START Provided records
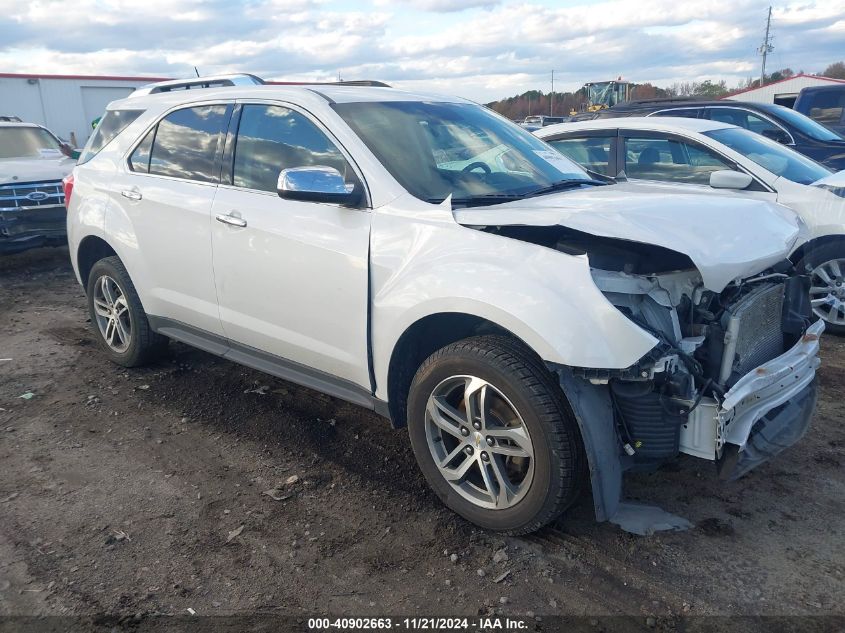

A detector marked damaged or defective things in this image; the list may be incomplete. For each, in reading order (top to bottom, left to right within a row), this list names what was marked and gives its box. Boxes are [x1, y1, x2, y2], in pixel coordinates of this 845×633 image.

crushed hood [0, 156, 76, 185]
crushed hood [452, 184, 800, 290]
crumpled bumper [716, 320, 820, 478]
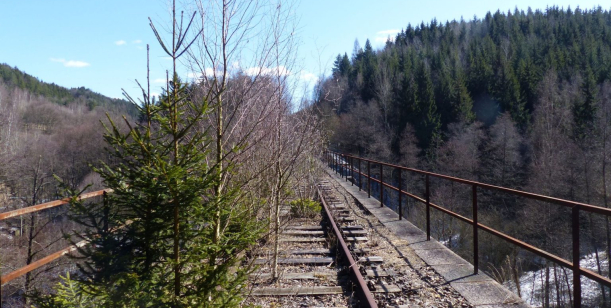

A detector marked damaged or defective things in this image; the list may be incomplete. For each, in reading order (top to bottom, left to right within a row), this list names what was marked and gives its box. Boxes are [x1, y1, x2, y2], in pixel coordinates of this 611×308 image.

rusty metal railing [0, 189, 112, 302]
rusty metal railing [328, 150, 611, 306]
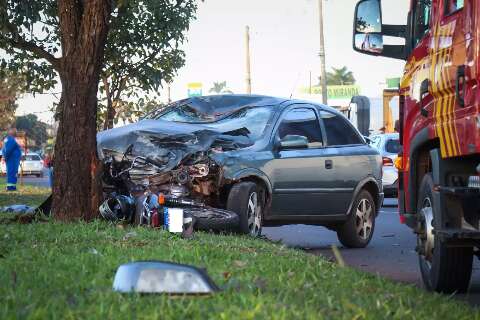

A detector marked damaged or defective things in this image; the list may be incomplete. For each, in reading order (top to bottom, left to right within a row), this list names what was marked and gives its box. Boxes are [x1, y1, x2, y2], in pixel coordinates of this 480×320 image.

crumpled car hood [96, 118, 251, 172]
damaged silver car [97, 94, 382, 248]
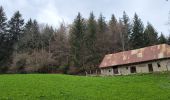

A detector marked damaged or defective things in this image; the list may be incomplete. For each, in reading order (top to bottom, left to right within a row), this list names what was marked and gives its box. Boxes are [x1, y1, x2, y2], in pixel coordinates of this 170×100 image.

rusty metal roof [99, 43, 170, 68]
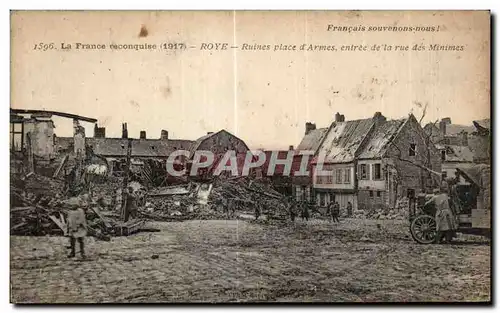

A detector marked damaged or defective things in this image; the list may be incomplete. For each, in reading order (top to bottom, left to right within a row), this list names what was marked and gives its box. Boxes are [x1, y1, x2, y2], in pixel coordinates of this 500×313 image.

row of damaged houses [9, 107, 490, 212]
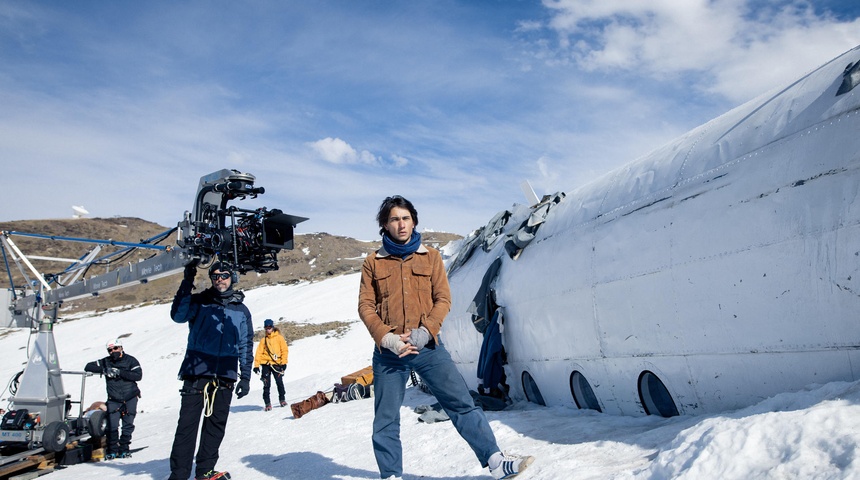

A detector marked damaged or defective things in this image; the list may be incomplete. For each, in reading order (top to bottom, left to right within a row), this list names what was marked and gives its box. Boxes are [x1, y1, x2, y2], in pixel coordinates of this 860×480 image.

crashed airplane fuselage [446, 44, 860, 416]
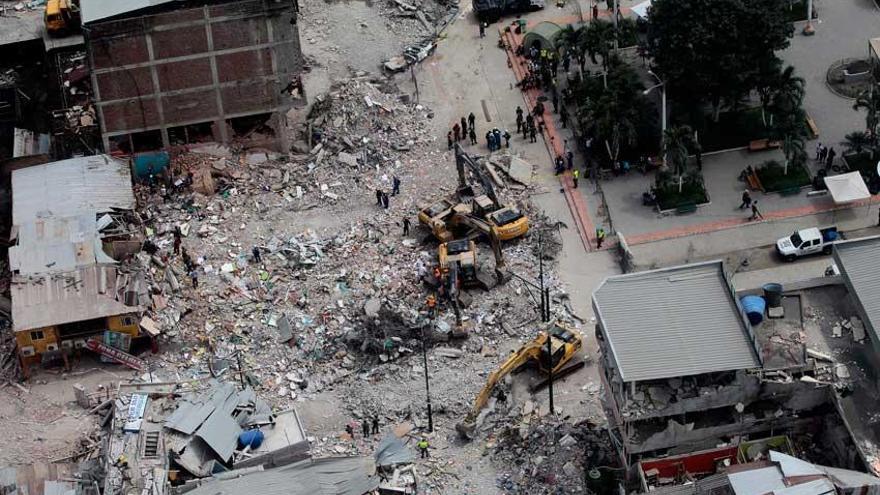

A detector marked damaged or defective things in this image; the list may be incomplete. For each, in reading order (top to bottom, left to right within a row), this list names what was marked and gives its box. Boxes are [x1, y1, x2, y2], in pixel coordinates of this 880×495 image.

damaged concrete building [82, 0, 304, 154]
damaged concrete building [8, 155, 144, 376]
damaged concrete building [592, 262, 860, 470]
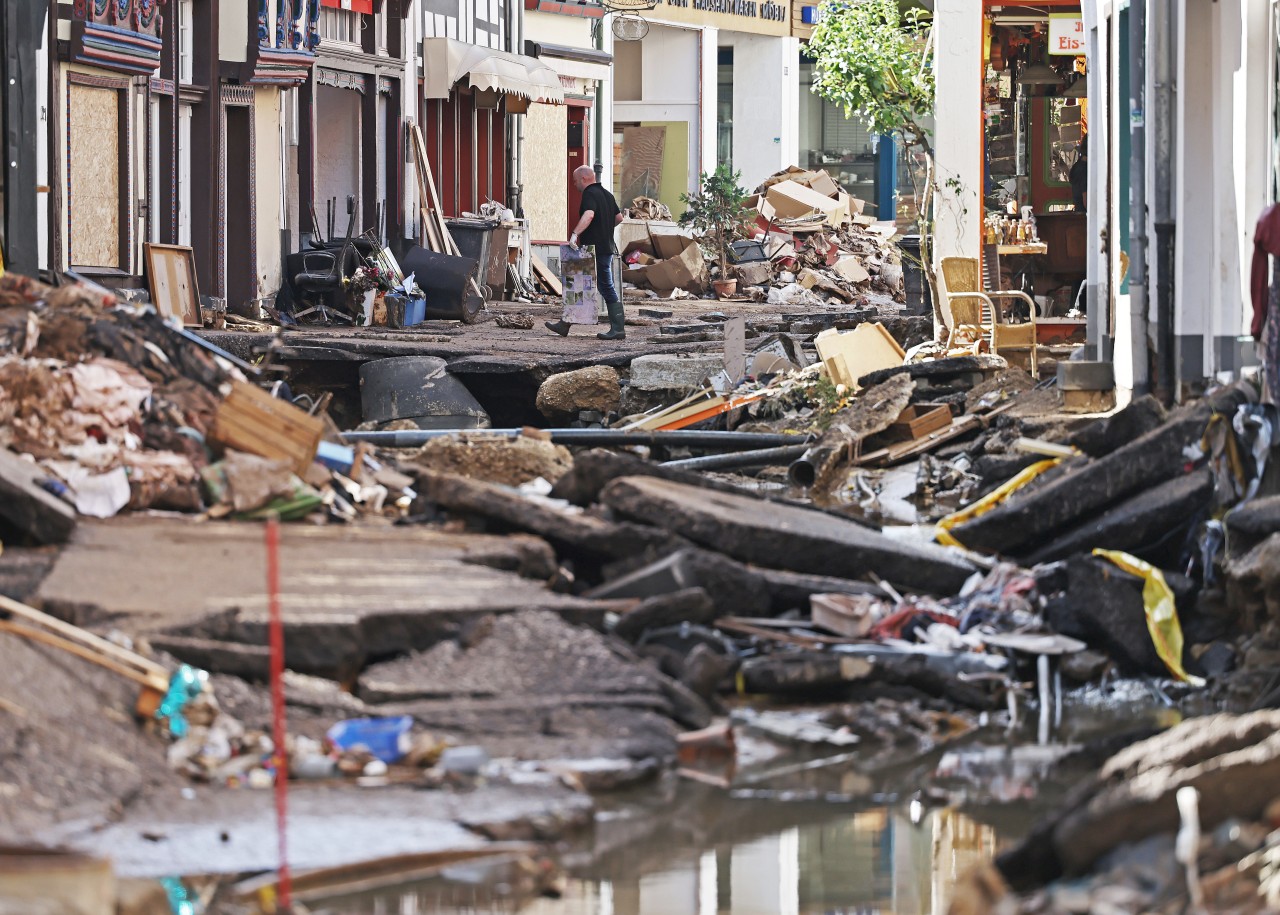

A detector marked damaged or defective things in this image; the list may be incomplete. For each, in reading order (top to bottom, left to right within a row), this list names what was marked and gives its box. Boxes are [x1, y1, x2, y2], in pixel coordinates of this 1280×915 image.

broken furniture [296, 194, 360, 322]
broken furniture [940, 256, 1040, 378]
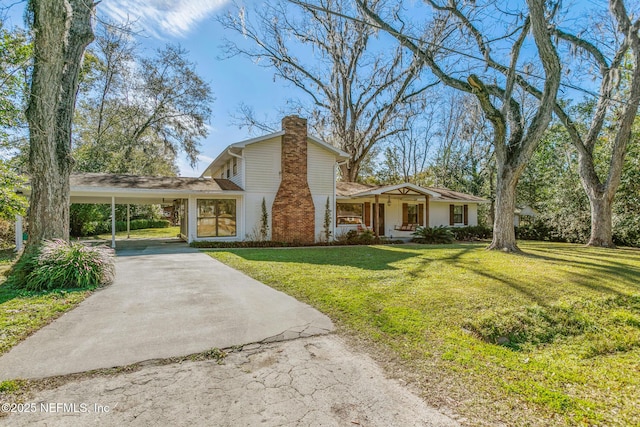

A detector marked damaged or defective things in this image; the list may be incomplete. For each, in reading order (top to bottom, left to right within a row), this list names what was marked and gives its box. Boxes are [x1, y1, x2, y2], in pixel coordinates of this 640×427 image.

cracked concrete [1, 336, 460, 426]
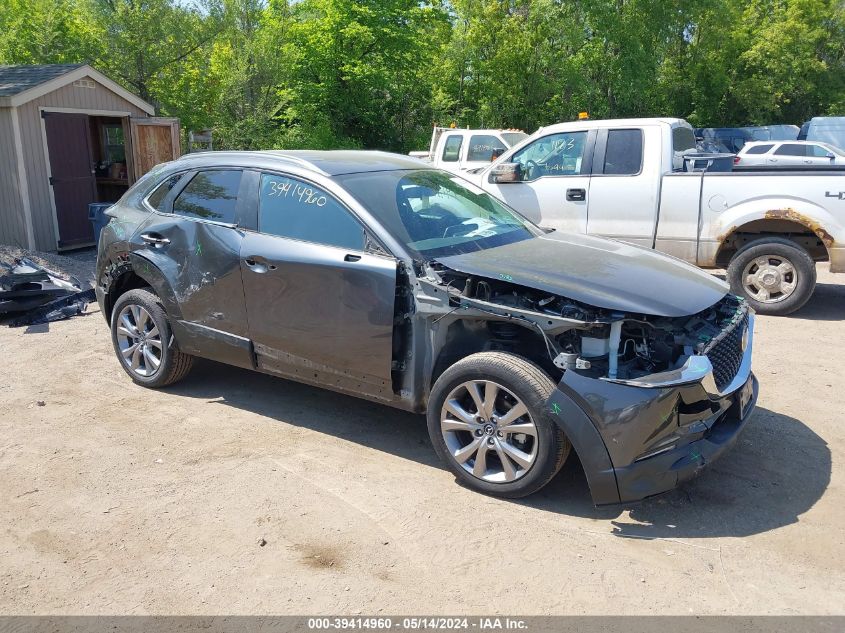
END Provided records
Exercise directions:
Reproduce the data exactly, please, and omit its pictures.

Exercise response:
A detector marked damaged or defective things in this image; the list may be incomplete. For each, in reading order (top to bottom, left to right within a row), this list names what was marked and gives its box. Boxes are [x1, y1, x2, y2], in pixel coordinates of this 845×633 image.

crushed hood [0, 156, 76, 185]
crushed hood [452, 184, 800, 290]
crumpled bumper [716, 320, 820, 478]

A detector marked damaged or defective things in this image; the list may be incomplete. For each, in reading order (top to bottom, left to right within a row), this list names what was marked and gives its box. Boxes are [x1, y1, x2, y2], in pixel coordinates of this 611×308 image.

rusty metal railing [0, 189, 112, 302]
rusty metal railing [328, 150, 611, 306]

A detector marked damaged or defective things in this image; the list may be incomplete. For each, in reading order (top to bottom, left to right within a row), this list names what was marked and gives its box. Boxes are [x1, y1, x2, y2], in pixel coordinates of this 480×320 image.

crumpled car hood [96, 118, 251, 172]
damaged silver car [97, 94, 382, 248]

A detector marked damaged or defective things in this image; the list may be incomplete. For each, in reading order (top to bottom, left to right within a row), this list names what was marked and gives its box. Boxes are [x1, y1, x2, y2], in pixel coordinates of this 170×100 image.

rusty metal roof [99, 43, 170, 68]

A detector marked damaged or defective things in this image; the list may be incomplete. For each, in reading order (top to bottom, left to right within a row), this list names what was marked and gives its box. Boxes are [x1, y1, x2, y2], in pixel coordinates of this 500×313 image.

row of damaged houses [9, 107, 490, 212]

A detector marked damaged or defective things in this image; the list may be incomplete. For each, in reading order (top to bottom, left to right within a row), this list names what was marked and gives its box. Boxes are [x1, y1, x2, y2], in pixel coordinates of this 860×480 image.

crashed airplane fuselage [446, 44, 860, 416]

A detector marked damaged or defective things in this image; the list may be incomplete. For each, in reading order (top to bottom, left to right within a row), this list names what was marked and gives its box. Boxes are [x1, y1, x2, y2], in pixel coordinates of this 880×495 image.

damaged concrete building [82, 0, 304, 154]
damaged concrete building [8, 155, 144, 376]
damaged concrete building [592, 262, 860, 470]

A detector marked damaged or defective things in this image; the list may be incomplete. For each, in reading order (top to bottom, left to right within a row), this list names what was marked and gives its box. Boxes are [x1, y1, x2, y2], in pixel coordinates of this 1280×915 image.

broken furniture [296, 194, 360, 322]
broken furniture [940, 256, 1040, 378]

A detector marked damaged or defective things in this image; the list may be incomplete. For each, in reading order (top to bottom, left to right within a row), this list names what was marked and gives its box. Boxes are [x1, y1, x2, y2], in pixel coordinates of this 640×427 image.

cracked concrete [1, 336, 460, 426]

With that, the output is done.